Courts employing the traditional factor-based test consider several factors to determine the propriety of substantive consolidation. Most commonly they include:
[497]*497(1) the degree of difficulty in segregat-' ing and ascertaining individual assets and liability;
(2) the presence or absence of consolidated financial statements;
(3) the profitability of consolidation at a single physical location;
(4) the commingling of assets and business functions;
(5) the unity of interests and ownership between the various corporate entities;
(6) the existence of parent and inter-corporate guarantees on loans; and
(7) the transfer of assets without formal observance of corporate formalities.
Permian Producers, 263 B.R. at 518, quoting In re Vecco Constr. Indus., Inc., 4 B.R. 407, 410 (Bankr.E.D.Va.1980). See also In re Drexel Burnham Lambert Group Inc., 138 B.R. 723, 764 (Bankr.S.D.N.Y.1992); In re Owens Corning, 419 F.3d 195, 211 (3d Cir.2005) (articulating principles courts should consider when engaging in substantive consolidation analysis).

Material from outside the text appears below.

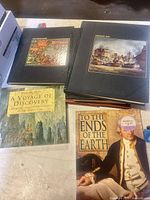 Stacked books showing Fighting Sail, unidentified Seafarers volume, A Voyage of Discovery, To the Ends of the Earth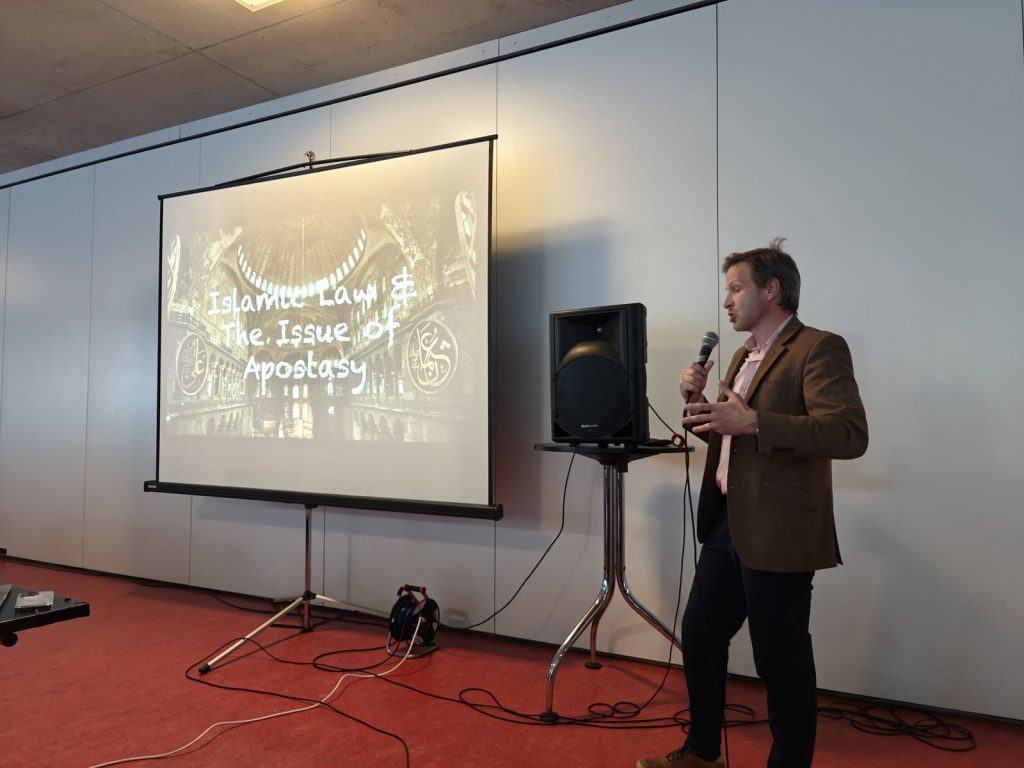 Referent mit Mikrofon neben der Leinwand bei einem Vortrag von Tugend.Club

The second, or balancing, test weighs the effect of consolidating the cases on creditors against the benefits of consolidation. Permian Producers, 263 B.R. at 518, citing In re Snider Bros., 18 B.R. 230, 234 (Bankr.D.Mass.1982). The Second Circuit’s balancing test considers two critical factors: “(i) whether creditors dealt with the entities as a single economic unit and ‘did not rely on their separate identity in extending credit ... ’; or (ii) whether the affairs of the debtors are so entangled that consolidation will benefit all creditors.” In re Augie/Restivo Baking Co., 860 F.2d 515, 519 (2d Cir.1988) (internal citations omitted).
The Evidence Supports Substantive Consolidation of the Carroll and RedPen Estates
The traditional -test factors support the finding and conclusion that the Car-rolls’ assets and liabilities are virtually the same as those of RedPen.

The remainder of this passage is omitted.